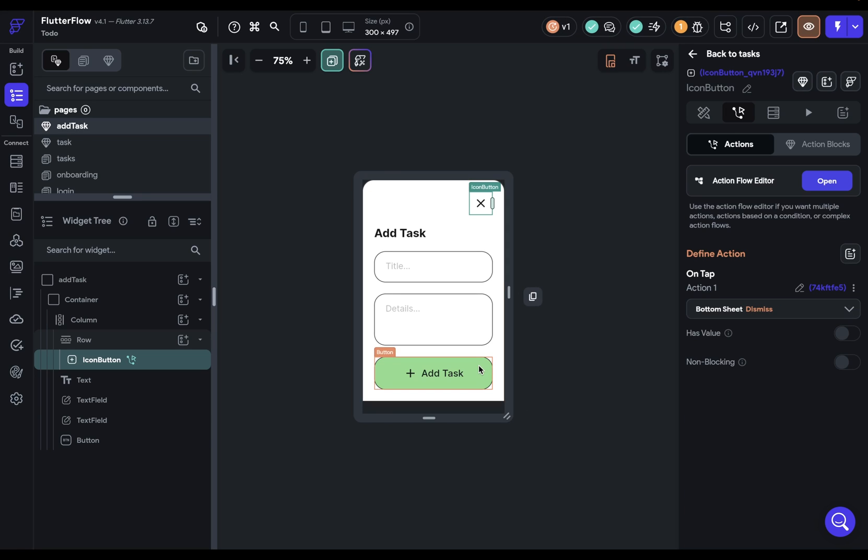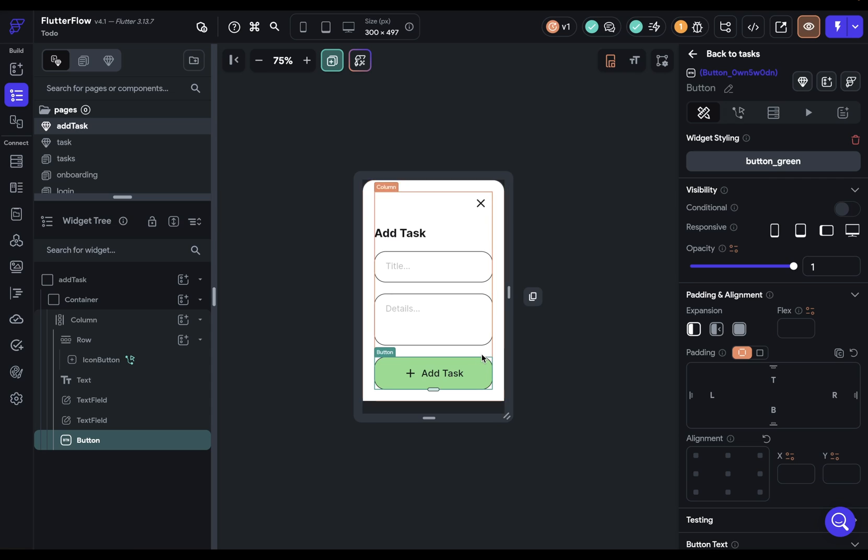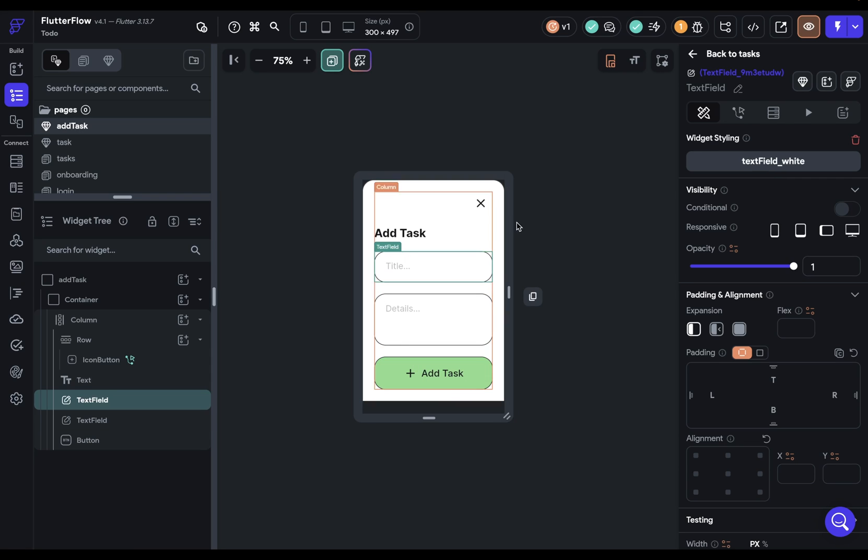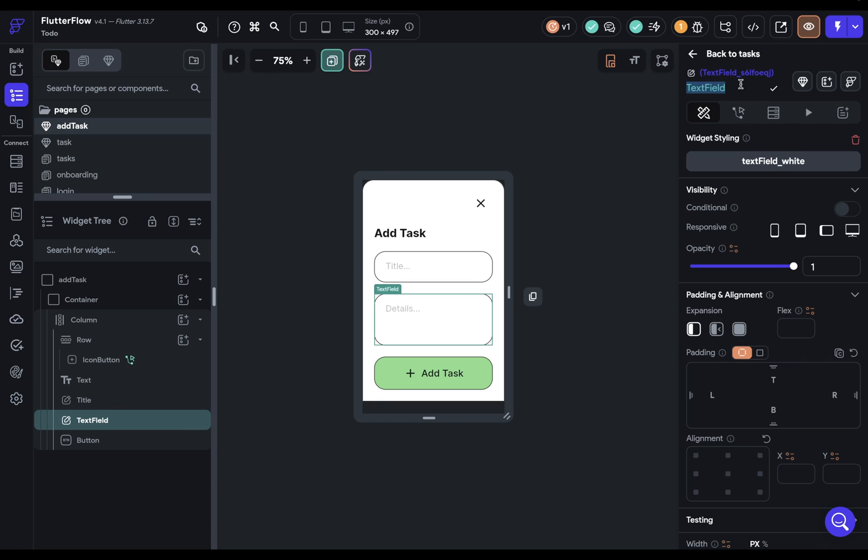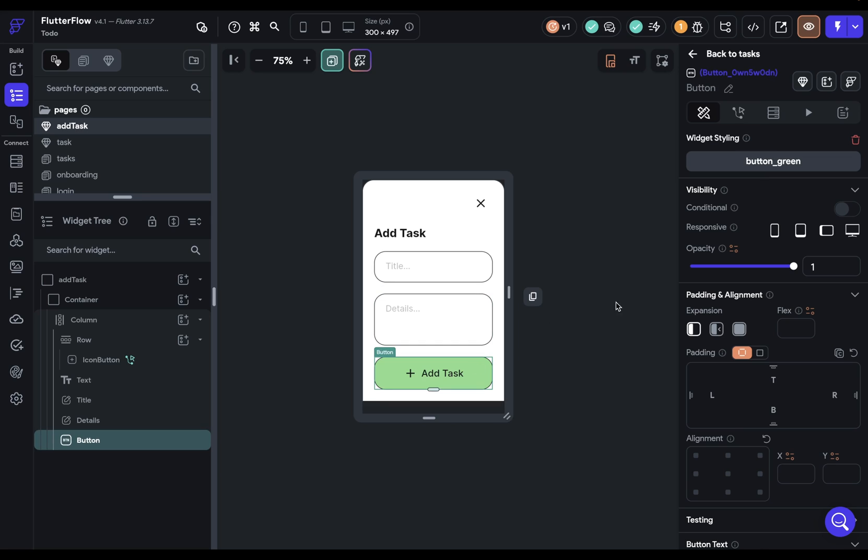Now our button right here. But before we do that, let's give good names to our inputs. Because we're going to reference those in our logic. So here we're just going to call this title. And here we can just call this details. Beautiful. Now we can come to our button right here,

--

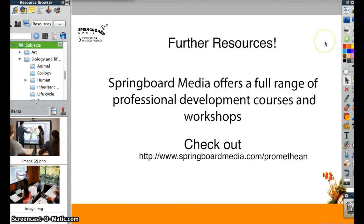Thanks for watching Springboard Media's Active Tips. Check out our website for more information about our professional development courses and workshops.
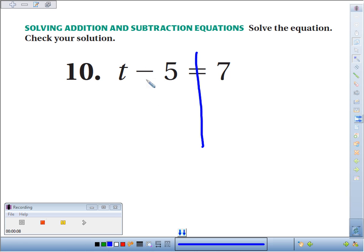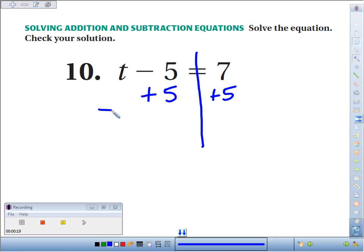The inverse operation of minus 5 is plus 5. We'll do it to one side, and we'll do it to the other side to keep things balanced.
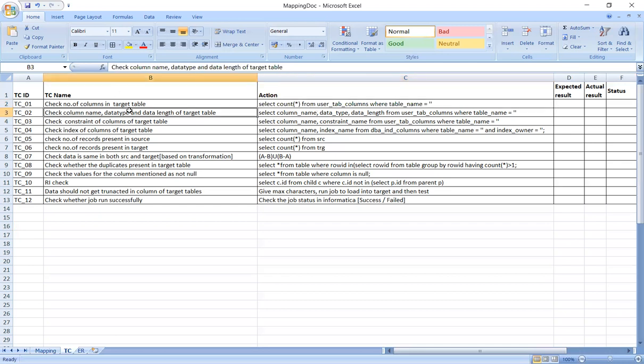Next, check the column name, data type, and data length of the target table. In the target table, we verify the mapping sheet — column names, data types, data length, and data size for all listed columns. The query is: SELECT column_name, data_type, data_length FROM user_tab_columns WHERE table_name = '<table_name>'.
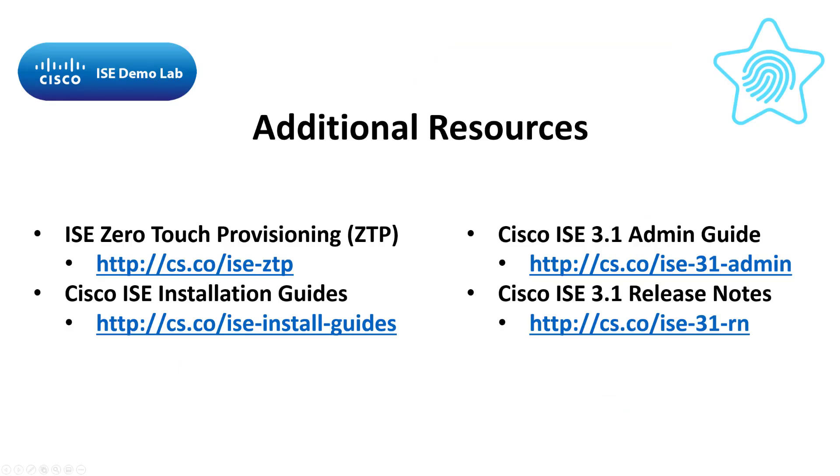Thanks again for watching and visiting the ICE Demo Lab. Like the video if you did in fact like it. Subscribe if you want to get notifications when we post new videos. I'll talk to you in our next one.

--

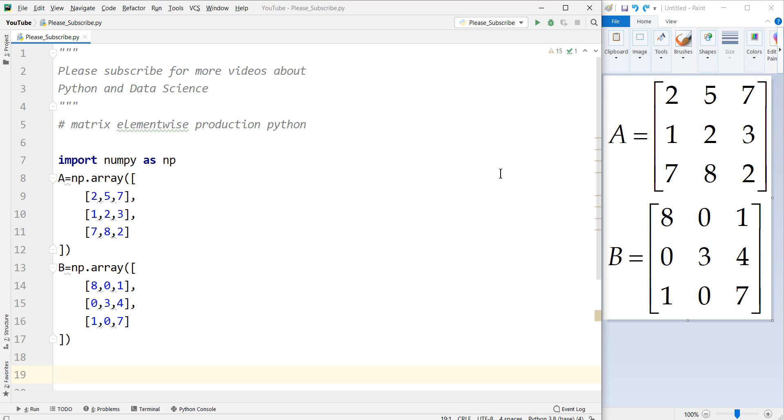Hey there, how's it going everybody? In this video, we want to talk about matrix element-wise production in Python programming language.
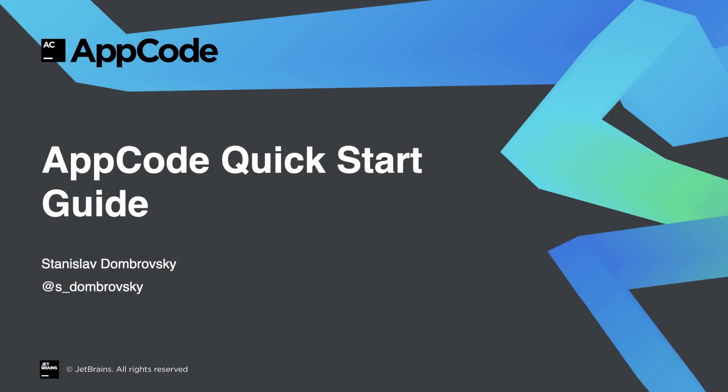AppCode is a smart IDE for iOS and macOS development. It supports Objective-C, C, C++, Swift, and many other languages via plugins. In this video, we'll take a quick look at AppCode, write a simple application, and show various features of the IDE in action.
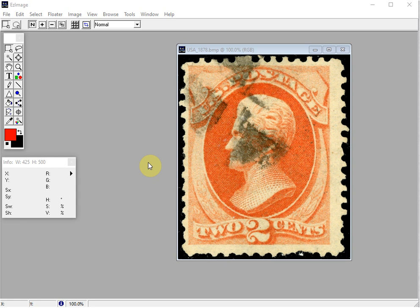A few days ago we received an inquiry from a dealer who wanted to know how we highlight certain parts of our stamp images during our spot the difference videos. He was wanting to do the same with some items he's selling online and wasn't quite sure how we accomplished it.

■ ACTIVITY: What are the lines above from the one with "AppCode is a" to the one with "A few days ago", both included? Reproduce them exactly, without pictures.

■ TASK SOLUTION:
AppCode is a smart IDE for iOS and macOS development. It supports Objective-C, C, C++, Swift, and many other languages via plugins. In this video, we'll take a quick look at AppCode, write a simple application, and show various features of the IDE in action.
A few days ago we received an inquiry from a dealer who wanted to know how we highlight certain parts of our stamp images during our spot the difference videos. He was wanting to do the same with some items he's selling online and wasn't quite sure how we accomplished it.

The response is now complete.